Below I don't understand why:

int * currentSlot = memoryBlock

isn't using &memoryBlock.

Because both memoryBlock and currentSlot are pointers to int. &memoryBlock would be the address of a pointer to int, i.e. an int **.

What is "in" memoryBlock is a pointer to a block of memory.

Then here, *currentSlot = rand();, how does the dereferencing work here?

This is a rule of C: when a dereferencing expression like this occurs on the left-hand side of an expression, the right-hand side's value is stored in the memory location pointed to by the pointer being dereferenced.

Answer 5

It's not supposed to use &memoryBlock, which is the (int ** (heh!)) address of the the pointer into the memory you are clearing. In other words, memoryBLock (iff it's not NULL) points to (i.e., holds the address of) the first int in the calloc( )'ed memory.
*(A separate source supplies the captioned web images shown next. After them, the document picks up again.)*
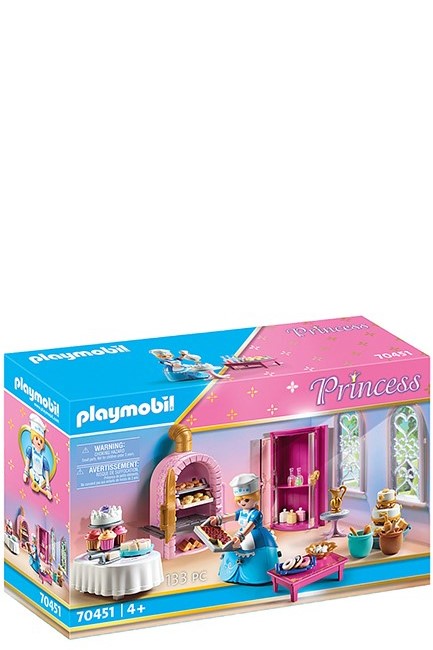 PLAYMOBIL ΠΡΙΓΚΙΠΙΚΟ ΠΑΛΑΤΙ-70451 ΠΡΙΓΚΙΠΙΚΟ ΖΑΧΑΡΟΠΛΑΣΤΕΙΟ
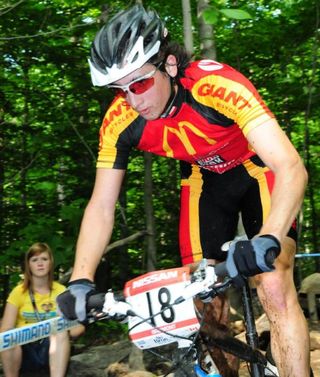 Junior men cross country - Guthrie wins on home soil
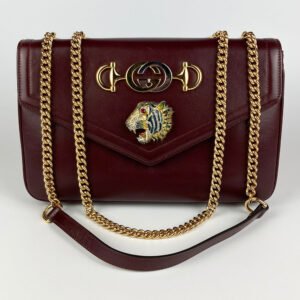 Gucci Rajah Medium Shoulder Bag | AlmaBagz
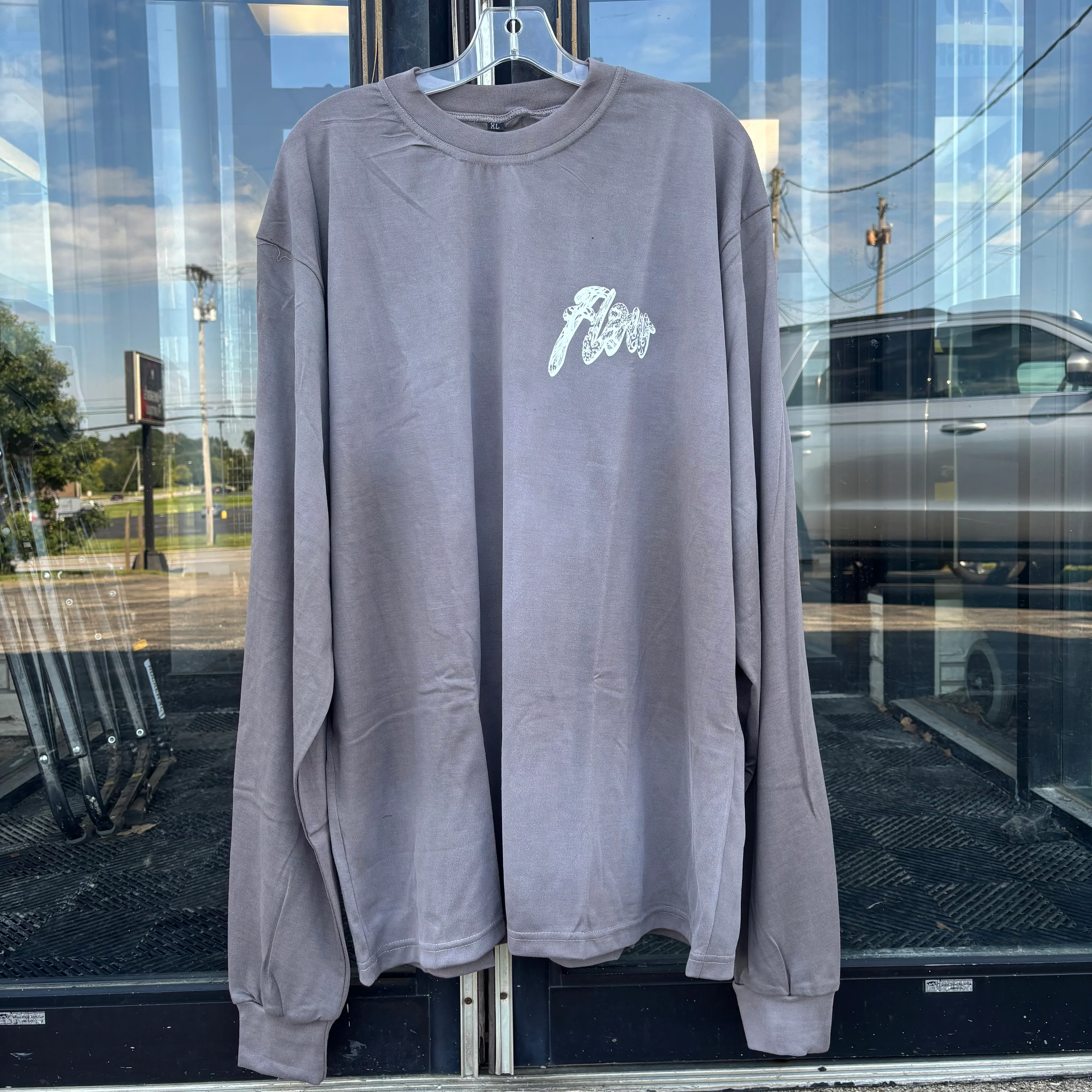 Used *Display* Flow long sleeve Denim - Grey - XL - Image 3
To reference that cleared-to-0 memory, you use *memoryBlock.

If you ever find yourself trying to use &memoryBlock, don't: it's never the right thing to do in the code fragment you posted.

HTH. If it doesn't help, go back to K&R and study pointers some more. Maybe a lot more.

Answer 6

In the code, memoryBlock is apointer to some memory that stores integers. That is, the actual value of the variable memoryBlock is the address just allocated. If you use &memoryBlock you get the address of where the variable is stored, not what it points to.

Lets take an example:

int foo = 5;
/* the variable "foo" is stored in memory,
   and that memory contains the number 5 */

int bar = 7;
/* the variable "foo" is stored in memory,
   and that memory contains the number 7 */

int *foo_pointer = &foo;
/* the variable "foo_pointer" is stored in memory,
   and that memory contains the address of the variable "foo" */

foo_pointer = &bar;
/* the contents of the variable "foo_pointer" is no longer the address
   of where the variable "foo" is in memory, instead it is the address
   of where the variable "bar" */

I hope this makes some sense, and it helps a little.